The U.S. Customs and Border Patrol says it could use a 2005 anti-terrorism law — the Real ID Act — to all President Trump’s border wall to be built through a national wildlife refuge in Texas, without having to conduct an environmental impact studies. The studies are usually mandated for any new construction on federal lands under the National Environmental Policy Act (NEPA).
While in Hamburg, Germany, for the G20 summit, President Trump met with Mexican President Enrique Pena Nieto, for the first time since the start of the American leader’s term. Nieto’s foreign minister, Luis Videgaray, predicted that NAFTA talks with begin August 16.
There are geographic and physical challenges to building a wall along the U.S. border with Mexico that will be "complex in some areas," Interior Secretary Ryan Zinke said during a tele-conference.
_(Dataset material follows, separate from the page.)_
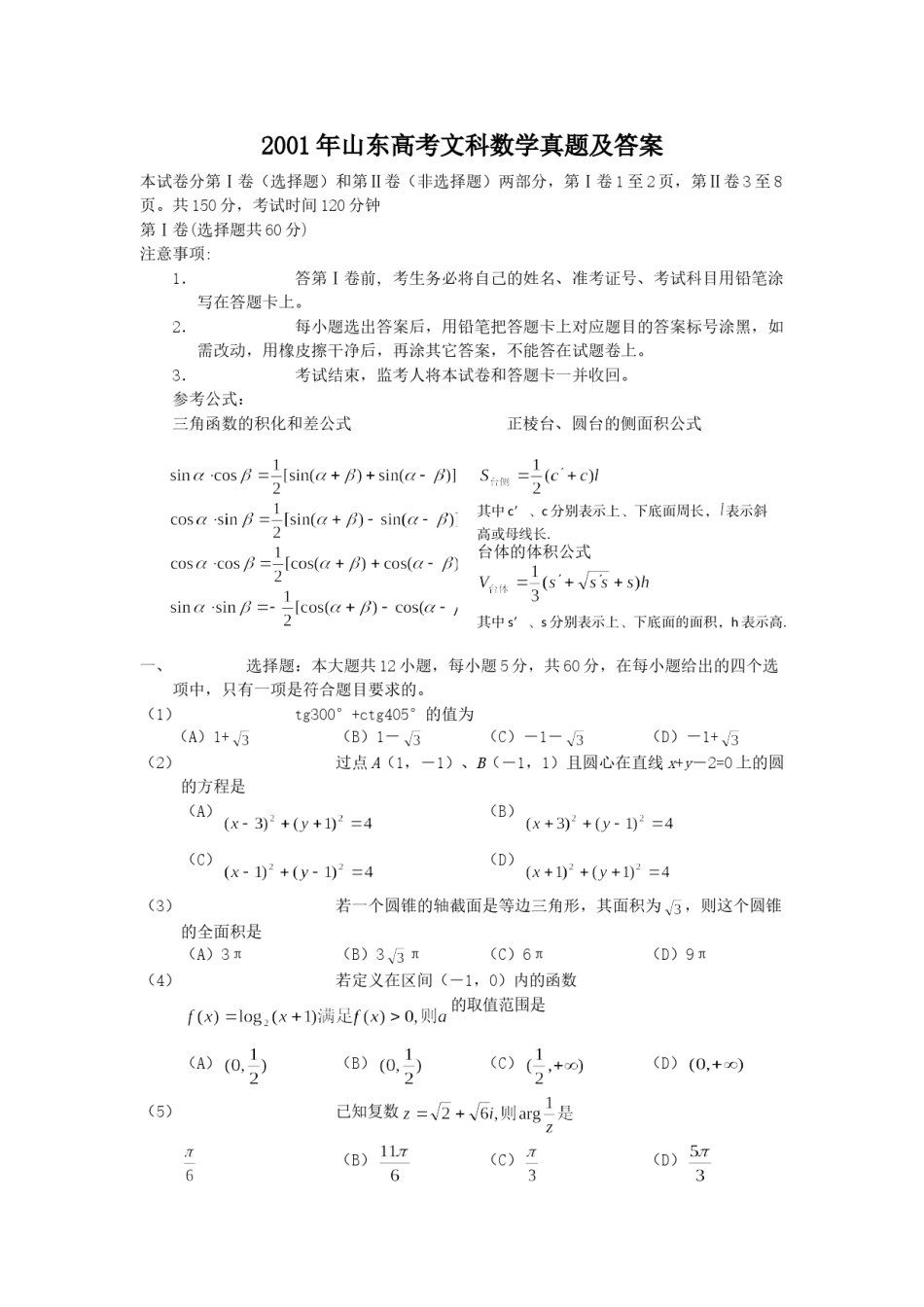 2001年山东高考文科数学真题及答案.doc_第1页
The Associated Press said Zinke cited the task of building the wall in Big Bend National Park and along the Rio Grande River, which forms nearly half of the border.
President Trump proposed $1.5 billion to begin construction this year of a wall along the U.S. border with Mexico — a signature promise of his campaign — ramping up to $2.6 billion in the fiscal year that opens on Oct. 1. The wall would be a concrete part of Trump’s policy of strict enforcement of immigration laws, which could drain the farm labor pool because many farm workers are believed to be undocumented.